▶ WORK ORDER:
Below are records to return verbatim; the pictures are to be dropped.

___ DATASET RECORDS

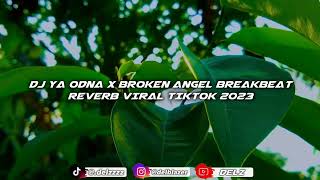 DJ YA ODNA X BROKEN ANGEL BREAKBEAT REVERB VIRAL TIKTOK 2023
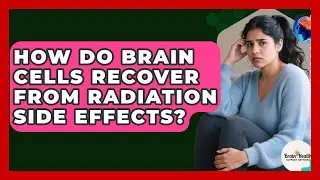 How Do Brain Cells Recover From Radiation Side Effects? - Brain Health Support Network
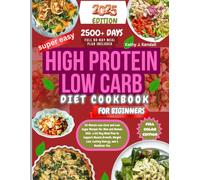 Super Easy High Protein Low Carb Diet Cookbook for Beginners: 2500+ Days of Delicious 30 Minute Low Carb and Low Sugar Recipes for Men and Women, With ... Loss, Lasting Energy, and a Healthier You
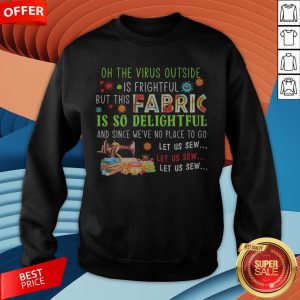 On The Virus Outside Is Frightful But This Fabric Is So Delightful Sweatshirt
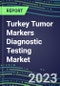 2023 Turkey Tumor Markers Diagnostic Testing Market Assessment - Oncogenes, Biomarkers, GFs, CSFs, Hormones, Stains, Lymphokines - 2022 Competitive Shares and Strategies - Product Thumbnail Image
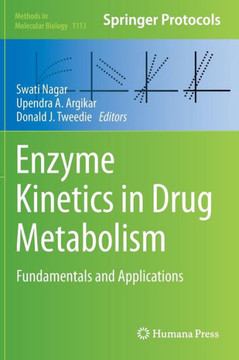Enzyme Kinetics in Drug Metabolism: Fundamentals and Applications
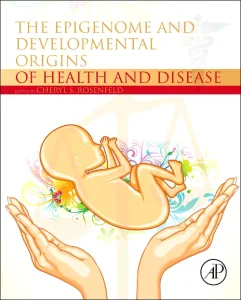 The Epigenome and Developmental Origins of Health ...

______

▶ EXERCISE ANSWER:
 DJ YA ODNA X BROKEN ANGEL BREAKBEAT REVERB VIRAL TIKTOK 2023
 How Do Brain Cells Recover From Radiation Side Effects? - Brain Health Support Network
 Super Easy High Protein Low Carb Diet Cookbook for Beginners: 2500+ Days of Delicious 30 Minute Low Carb and Low Sugar Recipes for Men and Women, With ... Loss, Lasting Energy, and a Healthier You
 On The Virus Outside Is Frightful But This Fabric Is So Delightful Sweatshirt
 2023 Turkey Tumor Markers Diagnostic Testing Market Assessment - Oncogenes, Biomarkers, GFs, CSFs, Hormones, Stains, Lymphokines - 2022 Competitive Shares and Strategies - Product Thumbnail Image
Enzyme Kinetics in Drug Metabolism: Fundamentals and Applications
 The Epigenome and Developmental Origins of Health ...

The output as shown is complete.